DATA:
◆ ◆ ◆ ◆ ◆

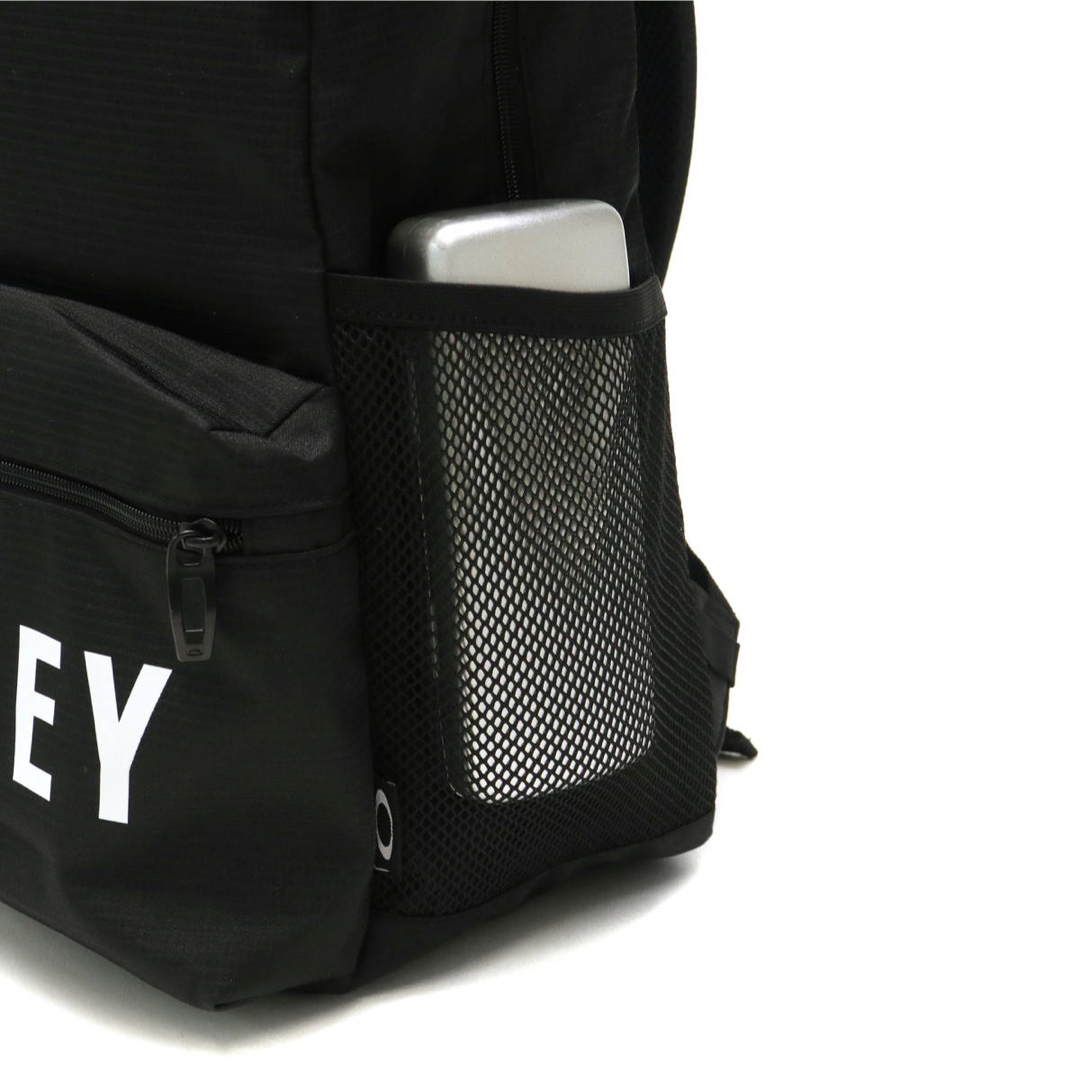 Oakley(オークリー)のOAKLEY Essential Day Pack 5.0 バックパック メンズのバッグ(バッグパック/リュック)の商品写真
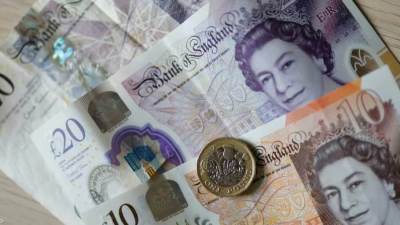 الإسترليني يتراجع بعد استقالة تراس و"الين" عند أدنى مستوى في 32 عاما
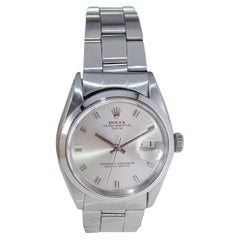 Rolex Oyster Perpetual in acciaio con data e quadrante argentato originale di fabbrica degli anni '60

◆ ◆ ◆ ◆ ◆

ASSIGNED TASK:
Please return only the lines from the one holding "الإسترليني يتراجع بعد" through the end of the data, both ends included; do not copy any pictures.

SOLUTION TO THIS EXERCISE:
 الإسترليني يتراجع بعد استقالة تراس و"الين" عند أدنى مستوى في 32 عاما
 Rolex Oyster Perpetual in acciaio con data e quadrante argentato originale di fabbrica degli anni '60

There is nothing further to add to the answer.